# Safety question



## Ranger (May 31, 2008)

I've been reading a bit recently about kayaks with leaks, kayaks taking on water, kayaks sinking, kayaks splitting, kayaks with holes, kayaks........you get the picture.

Since then I've been giving this a bit of thought!

I might be missing something fairly basic, so call me an idjit if you must, but WHY dont SOT's have dividers within the hull to compartmentalise the thing?

Mine has a front, centre and rear hatch, so WHY isn't it divided into three seperate compartments?

This would serve mulitple purposes:
a) Should one compartment split or become holled, the remainders would provide enough flotation to still keep the thing above water.
b) It would prevent items sliding around and being lost to arms reach within the kayak.
c) It would provide added strength, support and rigidity to the hull.
d) One compartment could even be utilised as cold fish storage with a coolbag liner.
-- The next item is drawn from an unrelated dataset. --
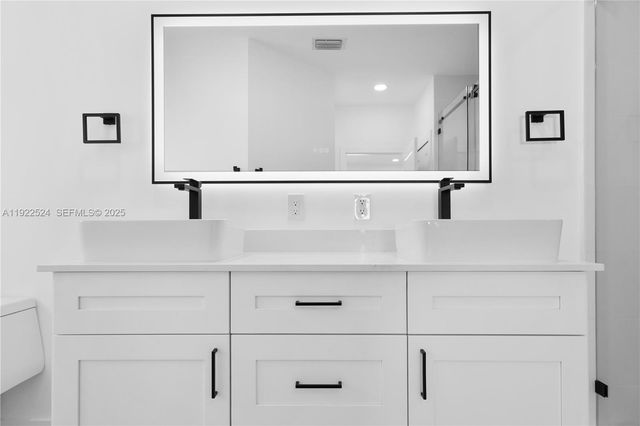 13415 SW 282nd St, Homestead, FL 33033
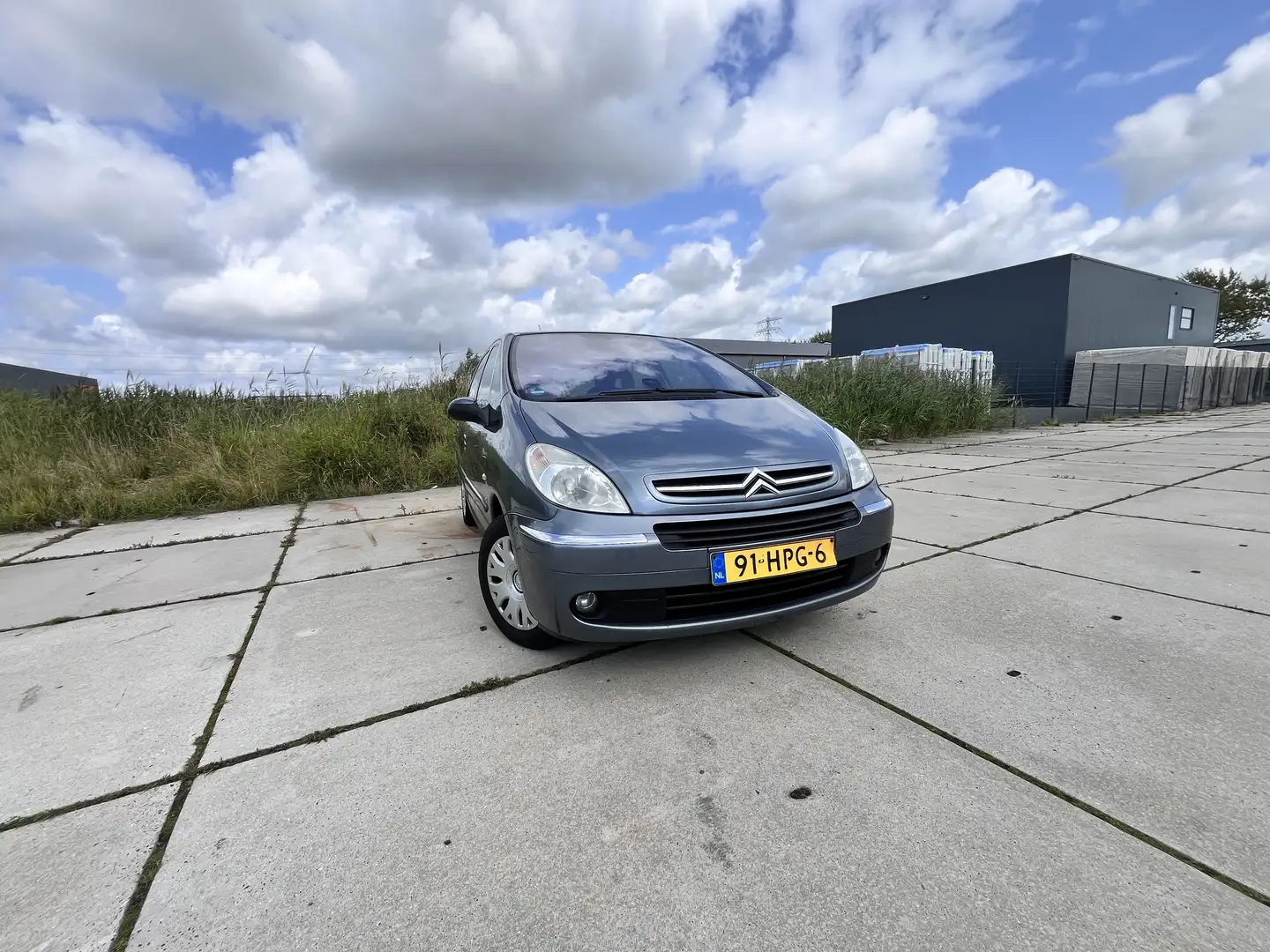 Citroen Xsara Picasso 1.6i-16V Image Grey - 1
Is it too difficult with kayaks being rotomoulded, too expensive, or am I missing something completely?

Mr Hobie, please hear my concerns and develop the "Hobie Ranger Fish" with the compartmentalised hull, reverse mirage drive and coolfish storage!


----------



## ausbass (Feb 15, 2007)

Ranger said:


> Is it too difficult with kayaks being rotomoulded, too expensive, or am I missing something completely?


Well when the kayaks are roto-moulded the only parts that can be made are the shell parts, no internals (scupper holes are part of the shell). So dividing walls need to be fitted after coming out of the oven, but small hatches (even the Outback and Revo front hatches are small) and access to the internal hull is a bitch so hard walls would be very difficult to install.

I have made internal walls out of closed cell foam (NOT polystyrene) which are wedged in and they hug the curves of the hull, especially the bottom; thus sealing off water from other parts. Though one thing I will be doing is adding thick plastic on both sides to stiffen up certain areas.

I remember somebody else on here talking about making essentially a cooler box in the front of there Revo, Im considering doing something similar but for separating the front and mid sections from each other.


----------



## Feral (Oct 18, 2008)

You can actually get a kayak made up of different distinct sections that all go together to form the the yak, disassemble for transport / storage. That would give you the affect your talking about.

Otherweise you could probably silicon in some bulkheads if you wanted.


----------



## Davey G (Jan 15, 2006)

or another option would be for manufacturers to stop making kayaks that leak....


----------



## AndyC (Feb 29, 2008)

On the subject of kayak hulls failing, I wonder if this will become a common problem into the future, as kayaks age and suffer accumulated UV degradation?

Given that kayaking is still relatively 'new', I suppose we have yet to reach the stage where plastic kayaks are simply becoming worn out and should be recycled/discarded. And given that a kayak is a relativelly high dollar item, its easy to imagine that people will be loath to trash them, even when they should. Does polyethylene become brittle over time?

AndyC


----------